# New wine room



## Charlietuna

I'm working on a new area on my property for wine, fruit & vegetable processing. An old building, I've done much cleaning, sealing & waterproofing the walls. I will epoxy coat the floor & get water plumbed in soon. A stove, fruit press & crusher for cider hopefully by spring.


----------



## Charlietuna

The room is 20x20. I'll try to post pics of my progress. 

Brian.


----------



## Boatboy24

Looks really cool.


----------



## Scott

Looks nice, but will the dog mind ya moving in?


----------



## Charlietuna

Dog won't mind as long as I keep her supplied in Borolo. Lol


----------



## ibglowin

Very nice! Nice size as well. Love the SS table!


----------



## winemaker_3352

Very nice!!! I like the SS tables as well...


----------



## saddlebronze

You're gonna be jonesing for a floor drain, or a janitors sink with a pump! Nice space!


----------



## Rocky

You're gonna be _jonesing_ for a floor drain, or a janitors sink with a pump! Nice space! 

Okay, Saddlebronze, I will bite. What does this word mean?

Charlietuna, really nice space! I think it will be outstanding when you are finished.


----------



## Charlietuna

I will be running a water line overhead with 2-3 hose's hanging. Plus there are 2 sinks in the SS countertop. One has an opening for a 6 " disposal I will need to modify. The other as seen in the pic has a large basin. The cross bars are removable. 

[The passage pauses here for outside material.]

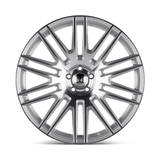 Mandrus - ESTATE | 19X8.5 / 32 Offset / 5X112 Bolt Pattern | 1985EST325112S66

Not quite sure how I'm going to handle floor drainage, but there are old garage doors on one end that I'm sealing one & modifying the other to have an occupant door as well as opening in full 8'. The floor slopes toward the doors. I may use a rigid plastic gutter & drain the floor to an opening that I can squeegee to. 

jonesing :

to have a strong need, desire, or craving for something.


----------



## Rocky

Charlie, that is a new one on me. Never heard the term.

Just an idea, if you don't mind, and in order to keep your wine area "rustic" why don't you make two 4' swing doors for the garage door rather than an overhead and put the occupant door in one of the 4 footers? Takes a little framing and you have to step over the threshold to get into the area. We had this on an old bakery that my family owned many years ago and I always though it was really neat. You could go in and out through the pedestrian door and open the double doors when you have a "delivery."


----------



## rodo

That's a real nice start you have there. I wish I had that much space.


----------



## BobF

Nice. I'm jealous ...


----------



## roadwarriorsvt

I hope you either inherited or otherwise aquired that SS sink. Buying it new would break my bank! It is a nice piece indeed.


----------



## Charlietuna

With all the new schools being built. there are warehouses full of desks, all kitchen supplies including these sinks / tables & misc items pulled from older schools. i have a connection. These were free!! I also have a 7' SS shelf to mount to the wall. 

It's not what you know but who u know sometimes. 

Brian


----------



## Brew and Wine Supply

Very Sweet!!


----------



## roadwarriorsvt

Thats definitely the way to do it!


----------



## Charlietuna

Just put my 2nd & final coat on conFlex on the walls. Headed back out in a bit to start cleaning up the floors to prep & paint them in the next couple days.


----------



## Charlietuna

Cleaning & prepping the floor tonight. Self leveling urethane caulking in the cracks. Then coating. And, if you're curious those are my family's specific variety of squash on the table in the back. They make amazing pumpkin pie!! Seeds can not be purchased. My family has had the line as long as they can remember.


----------



## DirtyDawg10

That is gonna be a sweet setup!!


----------



## Boatboy24

Wow. Just, wow!


----------



## bakervinyard

Wish I had that kind of room to make my wines, never mind that great table !


----------



## Charlietuna

So far so good. All the excruciating detail & time in waterproofing this room seems to be holding to this rain. The next few days will tell the tale.


----------



## Charlietuna

Floor cleaned, sealed & coated.


----------



## Charlietuna

This is just after I had all the junk out & ready to start. Big change & most of the work was in prep. Not just the painting.


----------



## ibglowin

Although it looks CLEAN and BRIGHT now I really liked the old rustic brick and beam!!!!


----------



## Runningwolf

OMG, I thought I was looking at before and after in that order also. I loved the red brick. Is this actually your basement. It looks like a warehouse. I never saw brick in a basement before, but I like it.


----------



## Pumpkinman

You have done a lot of work! My compliments!


----------



## Charlietuna

Everyone told me to save the brick, but unfortunately it was actually in very bad shape. I had to so drainage from the exterior & waterproofing from the interior. It wasn't as pretty close up as u may think. Lots of work needed.


----------



## Charlietuna

I have a game room above in a nice 20x20. Pool table, foosball, darts, poker & air hockey. My 5 & 8 yr olds love it. 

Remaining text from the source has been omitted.